This post is inspired by a comment by a Senator who was worried about pornography being injected in the Common Core because they are talking about fuzzy math and replacing numbers with letters.
Everyone who teaches or studies math has heard the phrase "I can't do math" too many times to count. It is really frustrating for many reasons and it is really holding our educated citizenry back. I do believe that some people really struggle with math just like some people really struggle with reading, but those numbers are probably on the same order.
Sometimes I try to just laugh it off. One of the lines I use is, "If everyone was good at math, then I would be out of a job." Now, this is just as true as the statement it is a response to, but everyone can laugh and move on with the conversation. However, what is most frustrating is that what most people mean by math isn't MATH! Some of them struggle with fractions, or rational functions, or fractional exponents (see the trend?).
When my math majors start talking about not being good at math, it is much more important to listen. Teaching #IBL Advanced Calculus, the students are doing math, many of them for the first time. This feeling I remember. The bane of my existence was Basic Algebra in graduate school and I am pretty sure I still don't have a good grasp of how Algebraists think.
One of my students was talking in class about how much she LOVED her differential equations class, especially when juxtaposed with her struggles in advanced calculus. She is a math major because she really enjoyed Calculus in high school and college. For her, differential equations is that capstone experience where the math she fell in love with is coming around again in her life and it just all makes sense. I worked to explain that she loves the application of mathematics to problems of physics, chemistry and engineering. This is a wonderful thing in, and of, itself and is worthy of celebration. Meanwhile, advanced calculus, that class that contains the word she enjoys, is not asking the questions she wants to struggle with. She
can do it, she just doesn't want to.
My student is a math major, but she isn't a mathematician and she doesn't want to be. She finds the application of math that most people struggle with easy, but she isn't drawn to the creation of math. This is much like my relationship with art. I celebrate the art which is created, but I am not drawn to create it myself. I enjoy singing, but I know I will never be a professional singer. In a moment of personal honesty, this student may say that she is not any good at math, but not in the way most people mean. She means that she is not drawn to being a professional mathematician, but instead is content to use the mathematics to make the world a better place.

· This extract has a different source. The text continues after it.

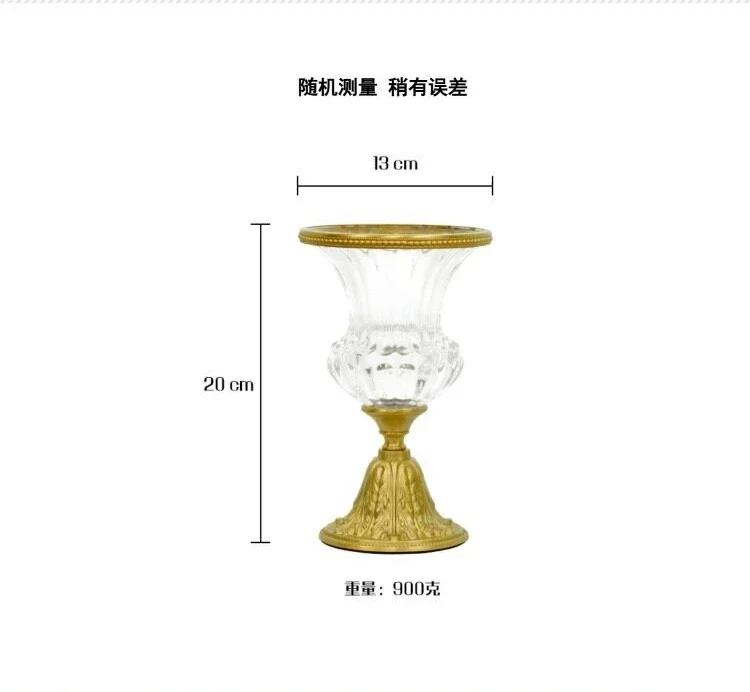 Limited Offer Light Luxury Crystal Glass Exquisite Vase, Creative Flower Arrangement Decoration, Living Room And Dining Room Fl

In our department, the upper level mathematics courses require students to earn a certain number of math culture points as a way of indoctrinating the students into the culture of mathematics. We ask students to go to talks and conferences, participate in contests, read articles about mathematics and solve math problems. It isn't IBL, but it does help students learn how to answer, What is math?
Now, to return to replacing numbers with letters. The algebra we teach in high school, even with the changes proposed by the Common Core, is not mathematics. It is working on problems that, realistic, or unrealistic, can be solved by application of mathematical conclusions. NEARLY ANYONE can do this. It takes patience, generalization and pattern recognition, but not some deep talent.
The most frustrating part of the statement
I'm just not any good at math is that the people saying it don't have any idea what mathematics is! When I teach an #IBL course, part of what I do is demonstrate real mathematics to the students. And this is what makes all the difference.